→ ACTIVITY
Each line of the listing below that includes "Black" should be reported.
▼
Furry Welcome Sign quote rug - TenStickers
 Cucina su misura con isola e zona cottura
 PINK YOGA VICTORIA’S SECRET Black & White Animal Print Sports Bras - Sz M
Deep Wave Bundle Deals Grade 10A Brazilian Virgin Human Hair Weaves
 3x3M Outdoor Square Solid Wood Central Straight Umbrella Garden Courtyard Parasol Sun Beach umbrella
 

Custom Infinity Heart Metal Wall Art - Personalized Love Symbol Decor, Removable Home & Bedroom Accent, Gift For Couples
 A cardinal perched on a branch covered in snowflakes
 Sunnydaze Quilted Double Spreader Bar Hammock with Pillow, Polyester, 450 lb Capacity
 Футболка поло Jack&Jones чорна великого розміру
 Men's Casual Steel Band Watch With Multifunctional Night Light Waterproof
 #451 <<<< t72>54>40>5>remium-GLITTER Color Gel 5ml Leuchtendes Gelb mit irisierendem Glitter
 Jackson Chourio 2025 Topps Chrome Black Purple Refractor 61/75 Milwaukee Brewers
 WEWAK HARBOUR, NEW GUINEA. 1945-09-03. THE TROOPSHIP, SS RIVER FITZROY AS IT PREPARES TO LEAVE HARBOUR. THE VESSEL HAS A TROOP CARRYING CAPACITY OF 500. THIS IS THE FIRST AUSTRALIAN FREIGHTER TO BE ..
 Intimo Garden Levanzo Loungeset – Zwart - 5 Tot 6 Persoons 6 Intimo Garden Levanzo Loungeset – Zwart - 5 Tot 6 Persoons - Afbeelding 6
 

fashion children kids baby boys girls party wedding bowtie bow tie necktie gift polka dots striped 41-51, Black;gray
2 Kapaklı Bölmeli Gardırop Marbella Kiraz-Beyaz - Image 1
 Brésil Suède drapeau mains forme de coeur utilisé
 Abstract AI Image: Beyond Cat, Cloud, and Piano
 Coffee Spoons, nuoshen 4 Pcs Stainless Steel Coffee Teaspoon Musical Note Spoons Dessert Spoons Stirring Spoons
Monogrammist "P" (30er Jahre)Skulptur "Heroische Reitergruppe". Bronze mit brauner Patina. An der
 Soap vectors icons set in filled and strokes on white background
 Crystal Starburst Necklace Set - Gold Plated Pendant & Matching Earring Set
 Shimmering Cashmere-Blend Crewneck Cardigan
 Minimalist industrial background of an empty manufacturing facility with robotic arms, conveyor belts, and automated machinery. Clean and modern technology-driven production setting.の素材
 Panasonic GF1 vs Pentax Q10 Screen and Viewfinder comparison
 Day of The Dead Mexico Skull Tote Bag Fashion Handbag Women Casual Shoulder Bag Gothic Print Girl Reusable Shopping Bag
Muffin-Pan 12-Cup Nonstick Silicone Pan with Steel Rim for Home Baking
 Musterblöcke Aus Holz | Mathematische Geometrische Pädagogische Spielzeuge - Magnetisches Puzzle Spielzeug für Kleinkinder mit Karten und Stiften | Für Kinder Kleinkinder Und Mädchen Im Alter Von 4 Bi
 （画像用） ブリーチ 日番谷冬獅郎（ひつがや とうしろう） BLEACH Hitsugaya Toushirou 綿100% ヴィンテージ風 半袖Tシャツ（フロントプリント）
▲
→ ANSWER TO THIS TASK
 PINK YOGA VICTORIA’S SECRET Black & White Animal Print Sports Bras - Sz M
 Jackson Chourio 2025 Topps Chrome Black Purple Refractor 61/75 Milwaukee Brewers
fashion children kids baby boys girls party wedding bowtie bow tie necktie gift polka dots striped 41-51, Black;gray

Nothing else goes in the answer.